Novel memiliki dua unsur yang membangun berjalanan ceritanya, yaitu unsur intrinsik dan unsur ekstrinsik.

1. Unsur Interinsik

Unsur Intrinsik merupakan unsur pembangun karya sastra yang berasal dari dalam karya itu sendiri. Pada novel unsur intrinsik itu berupa, tema, plot, penokohan, latar, sudut pandang, gaya bahasa, dan amanat. Berikut ulasan unsur-unsur intrinsik novel.

a. Tema

Stanton menjelaskan bahwa tema dapat juga disebut ide utama atau tujuan utama. Berdasarkan dasar cerita atau ide utama, pengarang akan mengembangkan cerita. Oleh karena itu, dalam suatu novel akan terdapat satu tema pokok dan sub-subtema. Pembaca harus mampu menentukan tema pokok dari suatu novel. Tema pokok adalah tema yang dapat memenuhi atau mencakup isi dari keseluruhan cerita. Tema pokok yang merupakan makna keseluruhan cerita tidak tersembunyi, namun terhalangi dengan cerita-cerita yang mendukung tema tersebut. Maka pembaca harus dapat mengidentifikasi dari setiap cerita dan mampu memisahkan antara tema pokok dan sub-subtema atau tema tambahan.

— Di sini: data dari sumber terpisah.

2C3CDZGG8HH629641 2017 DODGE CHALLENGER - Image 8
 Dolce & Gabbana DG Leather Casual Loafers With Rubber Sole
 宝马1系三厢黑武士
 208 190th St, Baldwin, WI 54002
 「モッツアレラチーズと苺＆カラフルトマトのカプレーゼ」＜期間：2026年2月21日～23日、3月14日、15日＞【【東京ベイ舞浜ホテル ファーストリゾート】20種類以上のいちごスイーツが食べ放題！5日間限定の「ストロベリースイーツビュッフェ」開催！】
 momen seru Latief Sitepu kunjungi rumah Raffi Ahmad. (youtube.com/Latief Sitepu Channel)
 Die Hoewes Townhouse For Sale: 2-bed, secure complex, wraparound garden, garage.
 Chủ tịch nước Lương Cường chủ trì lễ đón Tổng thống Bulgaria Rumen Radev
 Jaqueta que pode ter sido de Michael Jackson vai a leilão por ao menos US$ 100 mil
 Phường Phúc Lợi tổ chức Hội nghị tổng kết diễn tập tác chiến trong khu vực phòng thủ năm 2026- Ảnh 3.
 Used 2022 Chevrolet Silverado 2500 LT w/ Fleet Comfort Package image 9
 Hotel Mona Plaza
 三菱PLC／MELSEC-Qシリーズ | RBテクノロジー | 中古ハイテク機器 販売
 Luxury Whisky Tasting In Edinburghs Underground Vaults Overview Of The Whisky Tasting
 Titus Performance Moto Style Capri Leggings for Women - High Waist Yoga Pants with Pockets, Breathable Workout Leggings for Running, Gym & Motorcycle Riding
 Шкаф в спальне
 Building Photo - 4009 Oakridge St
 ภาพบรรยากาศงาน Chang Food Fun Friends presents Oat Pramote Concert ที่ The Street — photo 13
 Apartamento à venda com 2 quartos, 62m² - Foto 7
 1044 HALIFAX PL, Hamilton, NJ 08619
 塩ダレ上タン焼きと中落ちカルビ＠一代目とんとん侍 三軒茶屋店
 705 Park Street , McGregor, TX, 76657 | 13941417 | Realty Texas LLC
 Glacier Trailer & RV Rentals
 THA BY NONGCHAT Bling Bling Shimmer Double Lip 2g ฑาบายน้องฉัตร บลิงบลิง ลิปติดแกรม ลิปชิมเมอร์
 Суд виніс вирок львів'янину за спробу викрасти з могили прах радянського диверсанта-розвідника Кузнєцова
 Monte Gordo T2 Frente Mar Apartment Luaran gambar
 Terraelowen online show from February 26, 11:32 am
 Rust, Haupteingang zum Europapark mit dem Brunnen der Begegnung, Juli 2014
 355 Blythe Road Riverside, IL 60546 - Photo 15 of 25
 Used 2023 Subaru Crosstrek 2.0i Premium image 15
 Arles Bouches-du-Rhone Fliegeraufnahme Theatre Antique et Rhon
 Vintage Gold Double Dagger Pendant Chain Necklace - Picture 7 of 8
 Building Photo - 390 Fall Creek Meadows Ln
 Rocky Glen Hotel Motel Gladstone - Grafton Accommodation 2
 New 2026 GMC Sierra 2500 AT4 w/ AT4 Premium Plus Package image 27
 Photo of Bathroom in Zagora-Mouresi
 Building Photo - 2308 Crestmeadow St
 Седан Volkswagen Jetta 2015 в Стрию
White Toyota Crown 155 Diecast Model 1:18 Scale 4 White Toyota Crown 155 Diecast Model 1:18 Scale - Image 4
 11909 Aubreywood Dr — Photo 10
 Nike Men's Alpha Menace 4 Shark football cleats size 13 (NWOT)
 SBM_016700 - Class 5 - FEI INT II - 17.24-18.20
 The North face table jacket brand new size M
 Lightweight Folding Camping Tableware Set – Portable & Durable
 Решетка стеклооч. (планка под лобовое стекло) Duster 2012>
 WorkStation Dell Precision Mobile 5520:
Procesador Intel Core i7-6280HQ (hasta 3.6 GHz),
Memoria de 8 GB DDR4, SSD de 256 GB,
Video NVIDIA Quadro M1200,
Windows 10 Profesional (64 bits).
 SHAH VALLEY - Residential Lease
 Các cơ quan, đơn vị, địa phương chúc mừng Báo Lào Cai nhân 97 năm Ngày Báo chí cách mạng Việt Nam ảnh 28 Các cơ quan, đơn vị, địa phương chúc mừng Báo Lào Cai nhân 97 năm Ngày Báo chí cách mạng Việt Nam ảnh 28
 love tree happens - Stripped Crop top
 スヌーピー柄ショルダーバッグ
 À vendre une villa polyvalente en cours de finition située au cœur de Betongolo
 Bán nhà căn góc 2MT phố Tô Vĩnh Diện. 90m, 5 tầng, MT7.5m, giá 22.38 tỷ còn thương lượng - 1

sedangkan tema menurut Nurgiyantoro (2009: 77) dapat digolongkan menjadi dua, tema tradisional dan nontradisional. Tema tradisional adalah tema yang biasa atau sudah diketahui secara umum oleh masyarakat. Tema ini banyak digunakan dalam berbagai cerita seperti, kebenaran dan keadilan mengalahkan kejahatan, kawan sejati adalah kawan di masa duku, atau setelah menderita orang baru mengingat Tuhan. Tema tradisional bersifat universal dan novel-novel serius sering menggunakan tema tradisional dalam menyajikan kisah-kisahnya. Tema selanjutnya adalah tema nontradisional. Tema nontradisional adalah lawan dari tema tradisional yang artinya tema yang tidak sesuai dengan harapan pembaca atau melawan arus. Pada dasarnya pembaca menggemari hal-hal yang baik, jujur, kesatria, atau sosok protagonis harus selalu menang, namun pada tema nontradisional tidak seperti itu.

b. Tokoh dan Penokohan

Tokoh adalah individu rekaan yang mengalami peristiwa di dalam cerita. Tokoh memiliki sikap dan peran dalam membentuk cerita.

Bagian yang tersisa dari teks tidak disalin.